For family members, this framework might help us to be more aware of the chronic, and often unrecognized, forms of stress that are imposed on autistic children as they grow up. I hope it helps you to understand autistic burnout as more than psychological exhaustion – but rather systemic physiological dysregulation that can have profound, long-lasting consequences if it is misunderstood or overlooked. And for clinicians, teachers and employers - much of this literature highlights the importance of earlier diagnosis, improved access to accommodations, and decreased stigmatization of autistic traits in mitigating psychopathology. When autistic traits become more apparent or disruptive as a consequence of burnout, it is so important to remember that these traits themselves should not be punished or labelled the problem. The problem is the underlying burnout that reflects the immense physiological cost of trying to survive in the world.

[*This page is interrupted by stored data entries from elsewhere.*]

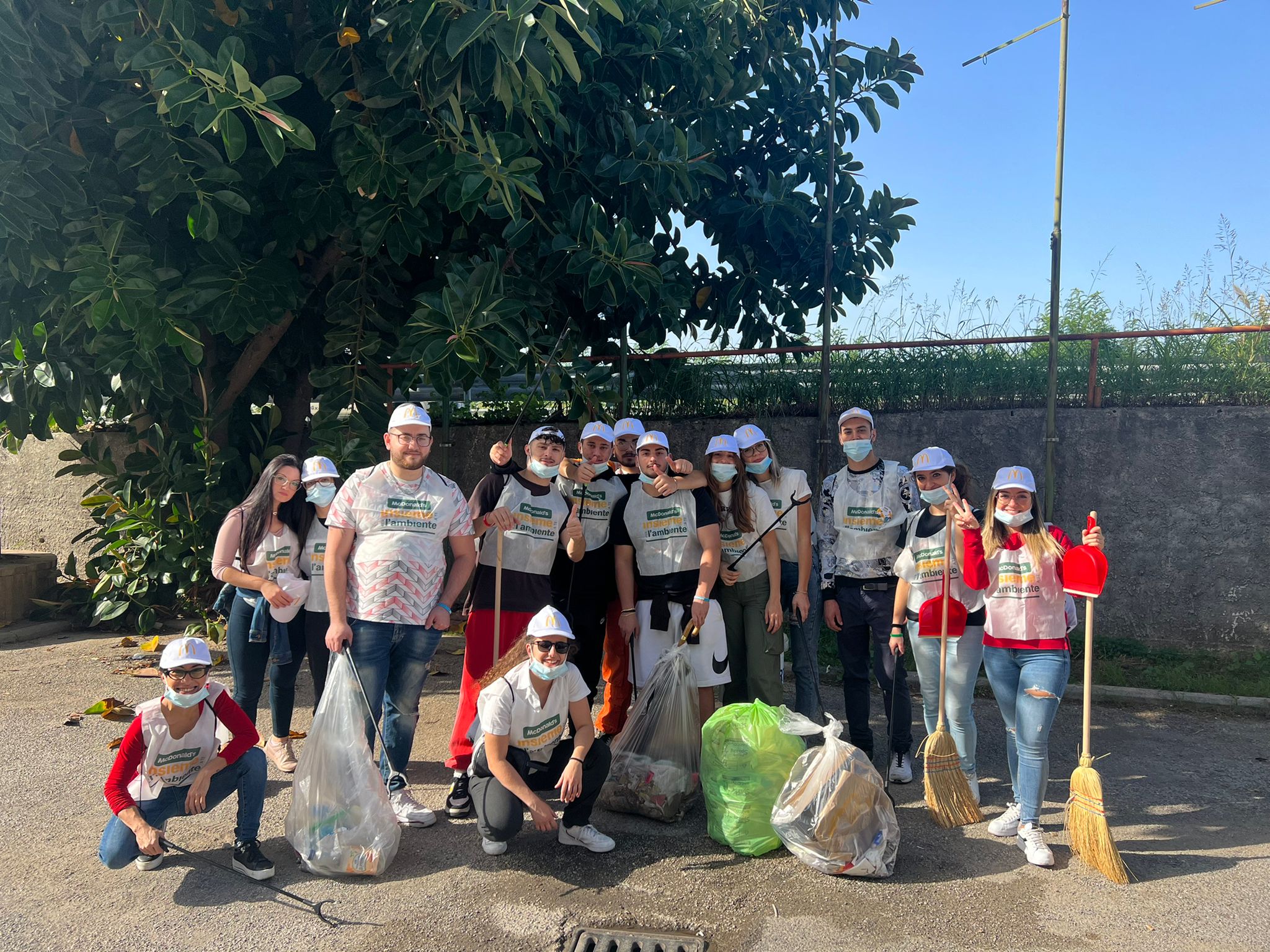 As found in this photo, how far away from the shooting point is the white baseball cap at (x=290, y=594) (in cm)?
476

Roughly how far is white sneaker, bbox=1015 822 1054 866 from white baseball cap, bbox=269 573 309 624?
3.48m

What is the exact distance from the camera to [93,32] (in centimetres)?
527

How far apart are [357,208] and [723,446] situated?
9.85ft

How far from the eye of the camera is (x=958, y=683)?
4.50m

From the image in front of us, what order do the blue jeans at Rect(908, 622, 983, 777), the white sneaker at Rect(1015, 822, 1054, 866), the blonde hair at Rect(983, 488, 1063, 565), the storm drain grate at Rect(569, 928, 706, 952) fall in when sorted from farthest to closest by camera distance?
1. the blue jeans at Rect(908, 622, 983, 777)
2. the blonde hair at Rect(983, 488, 1063, 565)
3. the white sneaker at Rect(1015, 822, 1054, 866)
4. the storm drain grate at Rect(569, 928, 706, 952)

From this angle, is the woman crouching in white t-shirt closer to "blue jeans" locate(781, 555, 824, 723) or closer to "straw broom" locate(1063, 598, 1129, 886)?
"blue jeans" locate(781, 555, 824, 723)

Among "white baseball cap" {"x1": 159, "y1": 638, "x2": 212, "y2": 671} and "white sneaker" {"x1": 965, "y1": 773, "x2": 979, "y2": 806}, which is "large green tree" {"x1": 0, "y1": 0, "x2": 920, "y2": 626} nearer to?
"white baseball cap" {"x1": 159, "y1": 638, "x2": 212, "y2": 671}

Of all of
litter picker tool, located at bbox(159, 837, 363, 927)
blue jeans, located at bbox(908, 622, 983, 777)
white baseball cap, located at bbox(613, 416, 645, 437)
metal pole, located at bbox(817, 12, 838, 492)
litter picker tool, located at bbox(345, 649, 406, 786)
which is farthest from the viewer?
metal pole, located at bbox(817, 12, 838, 492)

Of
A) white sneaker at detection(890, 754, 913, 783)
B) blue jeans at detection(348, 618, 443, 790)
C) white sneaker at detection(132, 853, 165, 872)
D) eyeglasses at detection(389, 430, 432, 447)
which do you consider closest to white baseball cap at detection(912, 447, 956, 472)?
white sneaker at detection(890, 754, 913, 783)

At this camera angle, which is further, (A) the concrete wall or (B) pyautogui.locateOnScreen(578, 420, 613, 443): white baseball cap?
(A) the concrete wall

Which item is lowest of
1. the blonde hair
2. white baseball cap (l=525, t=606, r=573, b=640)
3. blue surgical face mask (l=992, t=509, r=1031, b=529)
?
white baseball cap (l=525, t=606, r=573, b=640)

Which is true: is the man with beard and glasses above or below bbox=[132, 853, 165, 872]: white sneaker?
above

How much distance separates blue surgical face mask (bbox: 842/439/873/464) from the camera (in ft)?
16.4

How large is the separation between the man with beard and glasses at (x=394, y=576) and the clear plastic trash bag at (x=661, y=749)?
34.9 inches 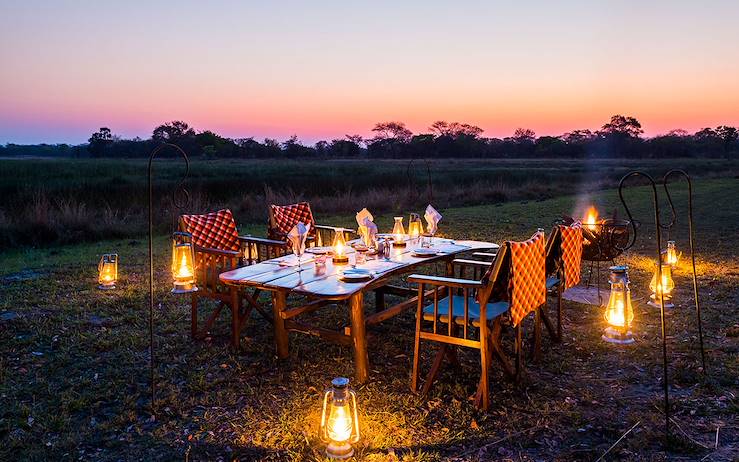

As we have become more informed about the physiological basis of many other neuropsychiatric conditions, society at large has become (somewhat) more inclusive when it comes to accommodating these invisible disabilities in schools and workplaces. Better understanding autistic burnout and it's physiological manifestations could play an important role in making the world more inclusive and more accessible to people with different neurotypes. I hope that one day, this research will translate into prevention and intervention strategies that are able to protect autistic individuals from so much physiological and psychological distress. In the meantime, more interdisciplinary frameworks help us to build bridges across the double empathy problem from both sides - to perhaps minimize the harm that is done in the first place.